Que chacun, réfléchissant à cela, ne se réserve donc point, ne s’attribue point ce qu’il peut avoir, soit l’éloquence, soit la richesse, avantages que le maître lui a confiés, et qui ne sont point à lui ; mais qu’il les rapporte à Dieu, l’auteur de tout don.

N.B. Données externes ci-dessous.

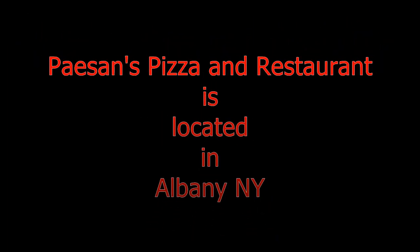Pie Sands Pizza & Restaurant was first established in 1994. Their pizzas are made with Wisconsin mozzarella and California vine-ripened tomatoes. Pie Sands Pizza & Restaurant is located in Albany, New York.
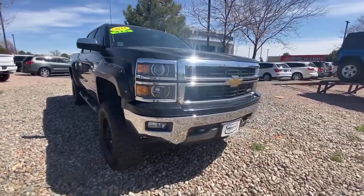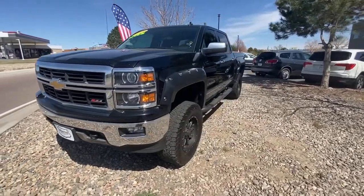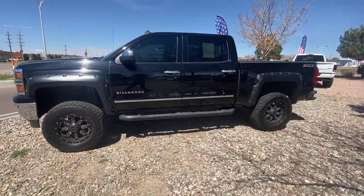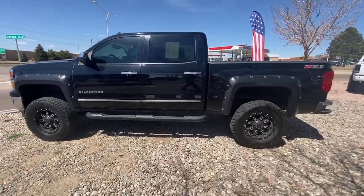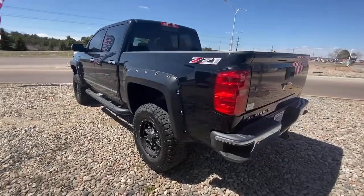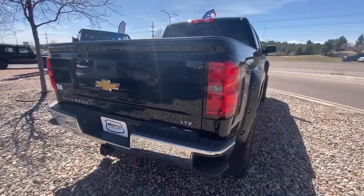This could be the car for you. The 2014 Chevrolet Silverado 1500. The Silverado 1500 is the full-size pickup that blends a spacious, quiet cabin, technology that keeps you connected, smooth handling, and the toughness you need for all your projects. These are just some of the great options this vehicle comes with.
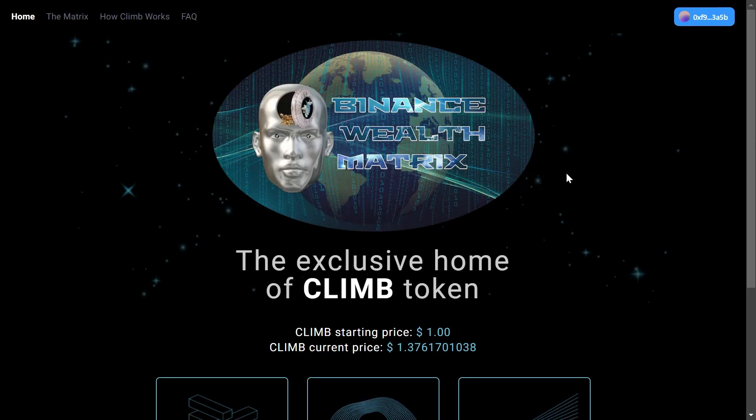Hello everyone and welcome back to Elephant Crypto. In this video I am going over a project called Binance Wealth Matrix. It is a completely unique and first of its kind passive income dApp on Binance Smart Chain, and with this one you can earn up to 3% daily ROI.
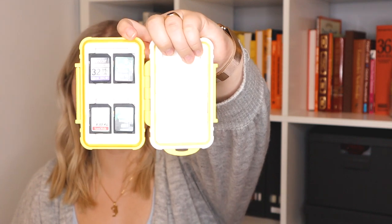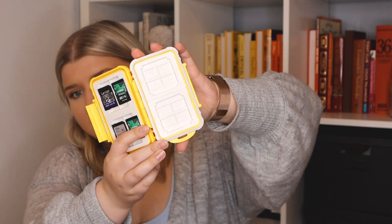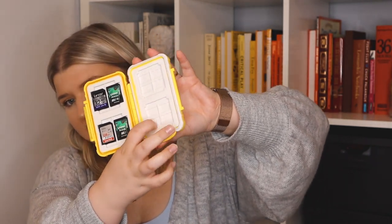Next is this cute little yellow memory card holder — you can get it in whatever color you want. It holds all of my SD cards — four in here — and on the other side it holds micro SD cards and larger memory cards. It's really handy because I keep all my cards in here and don't leave them to get lost on my desk anymore. You can throw it in your bag and not worry about your tiny delicate cards because this thing is heavy duty.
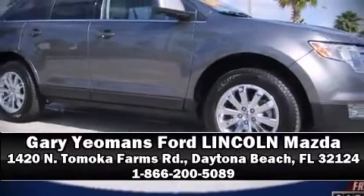A test drive is waiting for you. Call now to schedule an appointment at our dealership.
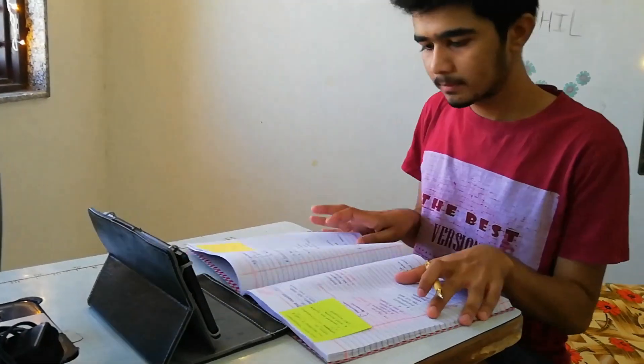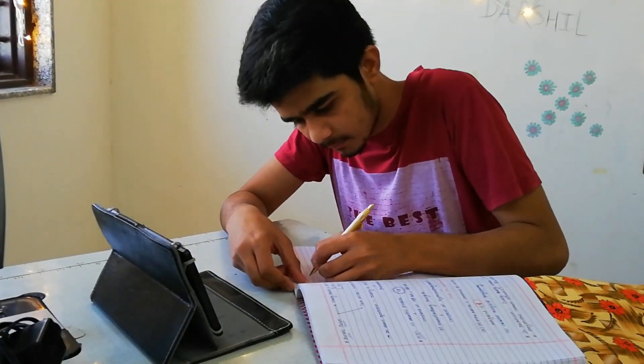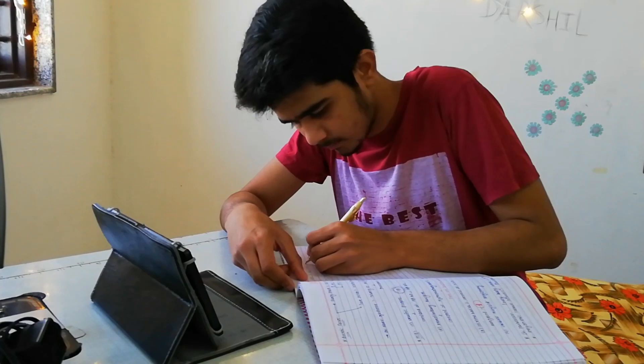Once that is done, I solve questions from the QBank, because MCQs are very important. I will be doing a more detailed video on the QBank feature in the future.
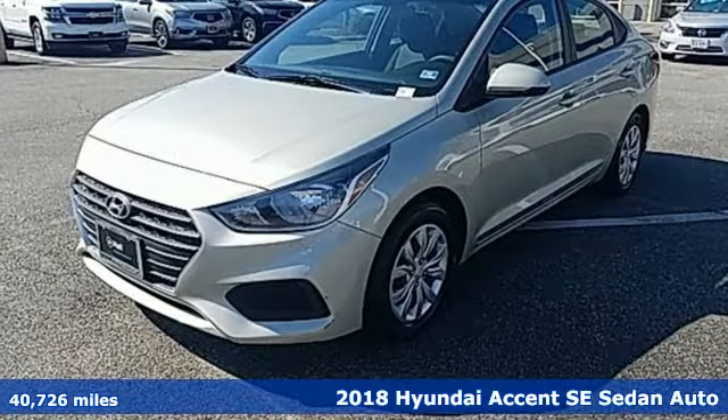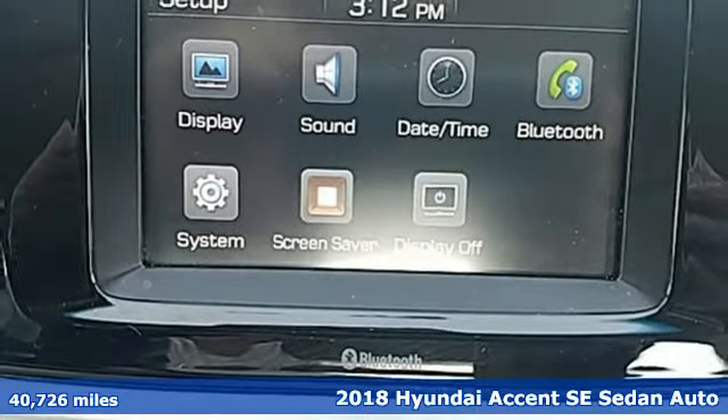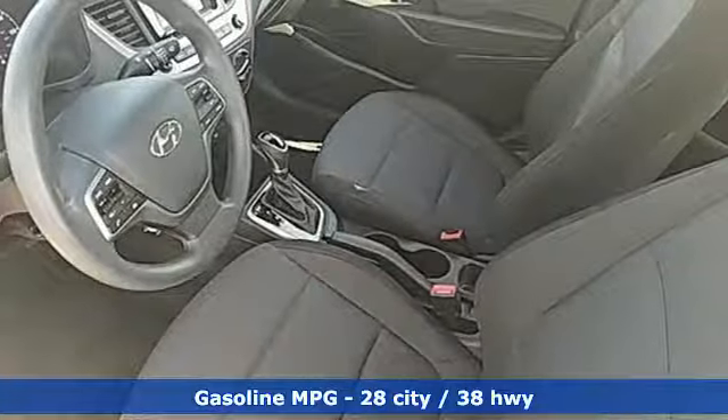Here's a 2018 Hyundai Accent. With plenty of room to go around, it's a subcompact that's big on space. It boasts an impressive list of features like these.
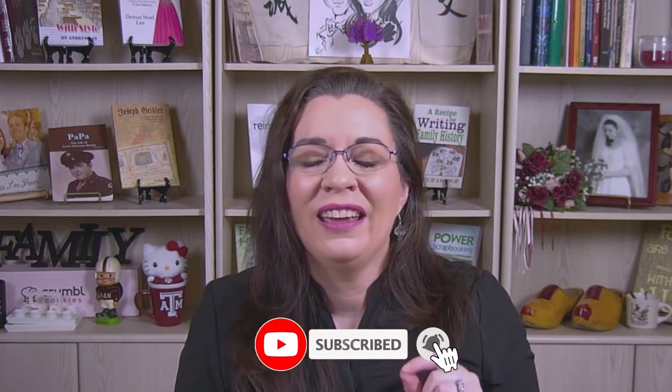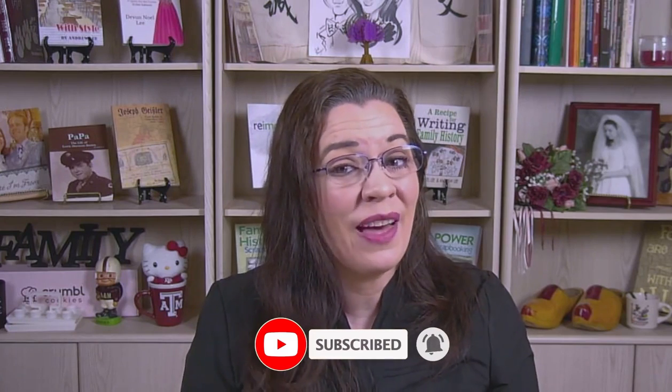Also, if you liked the training in this video, be sure to click the like button and share this video with others. And if you haven't already, hit the subscribe button and the bell so you'll be notified when we release a new video.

Voulez-vous voir des dispensateurs fidèles ? Écoutez ce que dit Pierre : « Pourquoi nous regardez-vous comme si c’était par notre propre vertu » ou par notre piété « que nous avons fait marcher cet homme ? » Le même disait à Corneille[1] : « Et nous aussi nous sommes des hommes sujets aux mêmes passions » (Act. 14,15) ; et au Christ : « Voici que nous avons tout quitté pour vous suivre ». (Mt. 19,27) Et Paul, après avoir dit : « J’ai travaillé plus qu’eux tous », ajoute : « Non pas moi cependant, mais la grâce de Dieu avec moi ». (1Cor. 15,10) Et ailleurs, s’adressant aux mêmes Corinthiens, il leur disait : « Qu’avez-vous que vous n’ayez reçu ? » Vous n’avez rien à vous, ni l’argent, ni l’éloquence, ni la vie même : car elle est à Dieu.
3. Au besoin, sachez la perdre. Mais si vous aimez la vie et refusez de la dépouiller quand on vous la demande, vous n’êtes plus un dispensateur fidèle. Comment serait-il permis de résister à l’appel, de Dieu ? Et c’est en cela que je reconnais et admire la bonté de Dieu ; en ce que pouvant prendre malgré vous ce que vous possédez, il ne veut cependant que des dons volontaires, afin que vous méritiez une récompense.

  1. Les paroles de cette citation n’ont pas été dites pu l’apôtre Pierre au centurion Corneille, mais par saint Paul aux habitants de Lystre. Il y a donc ici un lapsus memoriae ou bien une lacune dans le texte.